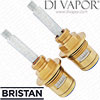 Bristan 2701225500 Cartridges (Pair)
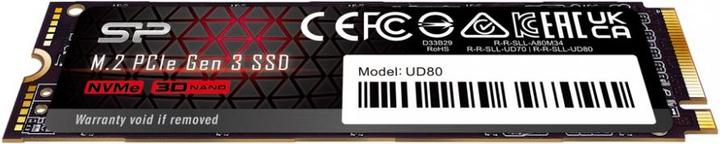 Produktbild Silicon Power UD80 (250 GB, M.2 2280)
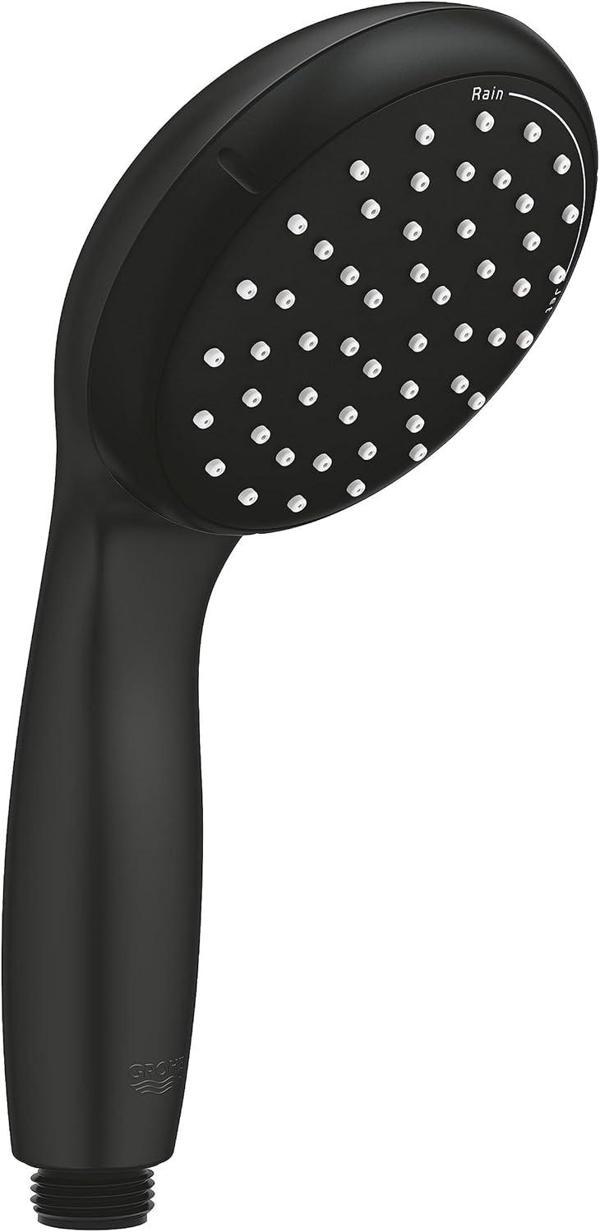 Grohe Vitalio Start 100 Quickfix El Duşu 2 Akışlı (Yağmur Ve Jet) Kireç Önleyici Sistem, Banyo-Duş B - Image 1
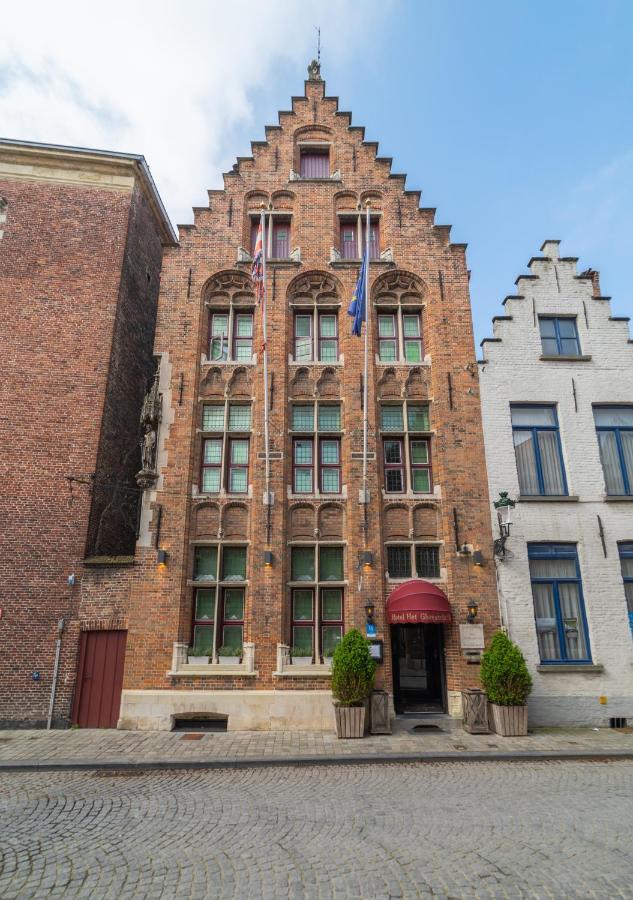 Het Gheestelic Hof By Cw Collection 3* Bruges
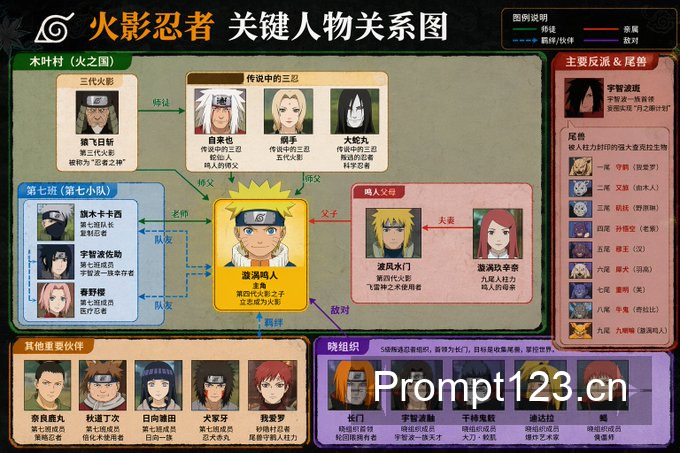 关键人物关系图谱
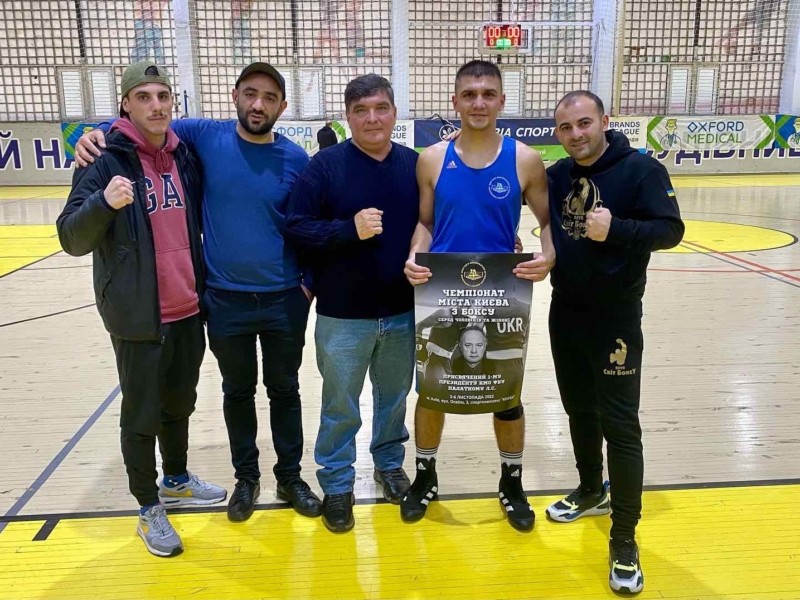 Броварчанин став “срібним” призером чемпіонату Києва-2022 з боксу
◆ ◆ ◆ ◆ ◆
-- Exercise goal --
Only the lines from the one containing "Produktbild Silicon Power" through the last line of the material are to be restated word for word; no picture is to be included.

-- Answer to the exercise --
 Produktbild Silicon Power UD80 (250 GB, M.2 2280)
 Grohe Vitalio Start 100 Quickfix El Duşu 2 Akışlı (Yağmur Ve Jet) Kireç Önleyici Sistem, Banyo-Duş B - Image 1
 Het Gheestelic Hof By Cw Collection 3* Bruges
 关键人物关系图谱
 Броварчанин став “срібним” призером чемпіонату Києва-2022 з боксу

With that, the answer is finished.